I understand fully why the Government should be exercised about the matters addressed in this part of the Bill, but I wholly agree with what the right reverend Prelate said about the anxiety that the Government have not come up with the right answers. The problems of definition in this area are immensely difficult to resolve. What I find missing from this part of the Bill is the consideration, which ultimately made acceptable the Obscene Publications Act, that the judgment of expert witnesses about whether the works being considered were of literary merit would be capable of being led in a case about something that might otherwise be regarded by some as open-and-shut pornography.
The definition of an image in Clause 113(3) that the Government's amendment seeks to amend is not capable of improvement by the amendment the Government have advanced. It suggests that it would be appropriate to cut out any image that induced sexual arousal. Hardly any great classical play does not have such a moment. If one looks at renaissance painting or sculpture, there is hardly an artist of merit who has not employed an image for that purpose. The definition is far too sweeping, and if one is considering the dangers, the threat or the unattractiveness of filmed material reproduced by electronic means, is one really to take the view that because an image in a film might have that effect, indeed, might be intended to have that effect, the whole work should be regarded as being of such a nature that the possessor of it should be criminally responsible?
I also think that the Government have not succeeded in improving the language in respect to what is extreme. The issue of whether something is grossly offensive is treated as though it were objectively definable. The fact that something is grossly offensive to one person does not necessarily reflect the general view. It might be thought that the film that recently won an Oscar in Los Angeles, "No Country for Old Men", was grossly offensive and, indeed, extreme, not only because of the continuing threats in it but because there were acts that threatened a person's life. I cannot imagine one of Shakespeare's tragedies that does not involve an act threatening a person's life that, in itself, might be regarded as grossly offensive if taken out as an image. Lady Macbeth's famous speech when she is seeking to stir herself up seems to me to have been deliberately, explicitly sexual and designed to evoke a response from the audience.
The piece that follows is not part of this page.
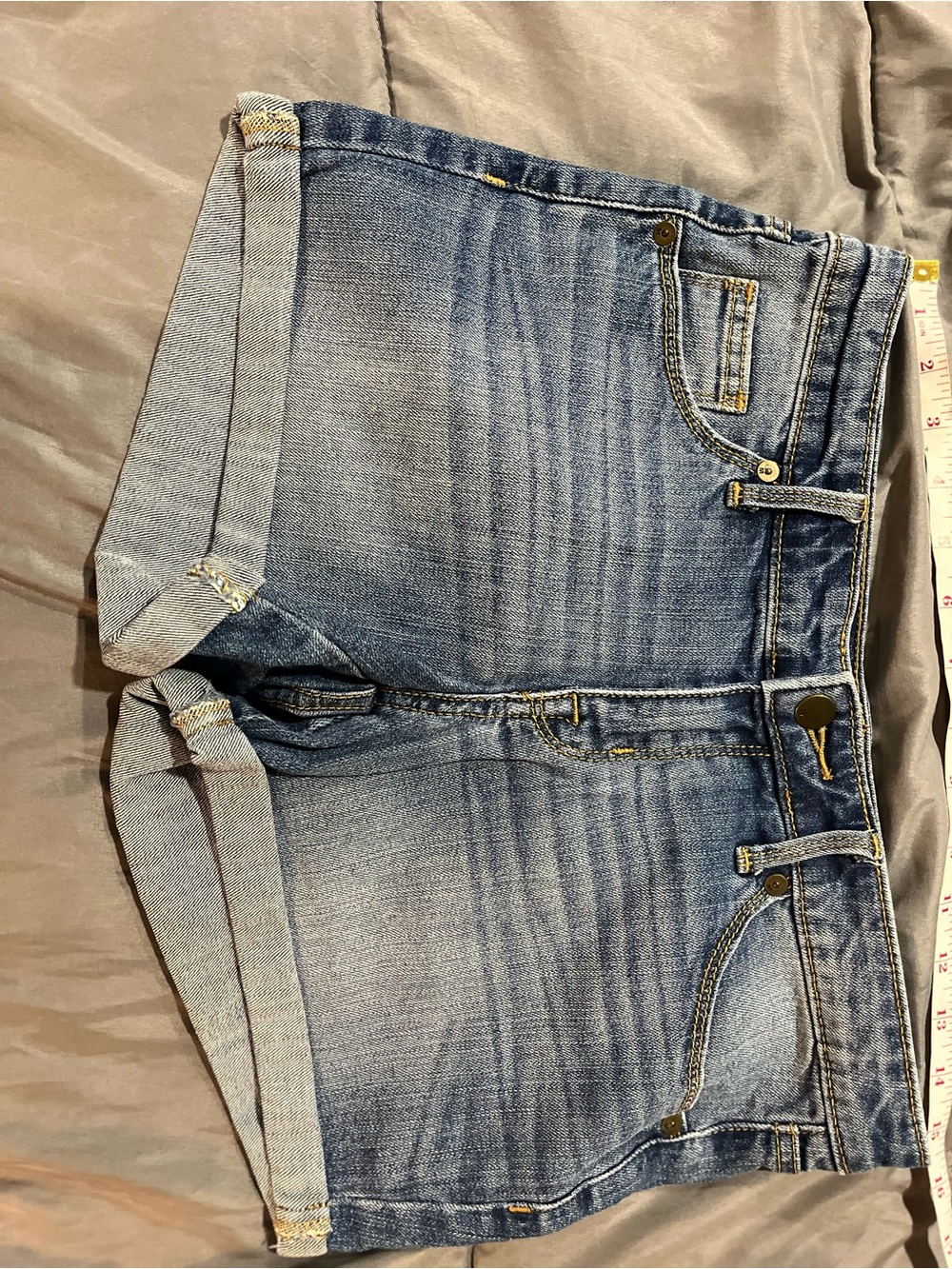 Mudd Light Blue Mid-Rise Denim Shorts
Secondly, in the definition of an extreme image here we have, under subsection 6(b), a definition that would certainly have led to "Last Tango in Paris" being regarded as a film that it was a criminal offence to possess. The fact that Marlon Brando was engaged in the activity would apparently not be any defence, were the provision to be enacted.
Images fall under the definition in subsection 6(d) where a person performs an act of intercourse with an animal. How many images of "Leda and the Swan" would fall foul of that—images that are regarded as great expressions of human artistic endeavour? A remarkable example springs to my mind in the Kunsthistorisches Museum in Vienna. I doubt whether anyone would deny for a minute that it was intended to have a sexual purpose and a sexual response—or that it was a remarkably realistic image.
The provision is just badly thought out. The whole thing needs to be taken back and worked on again. We will be legislating in haste if we allow this to pass; and we could regret it very much at leisure.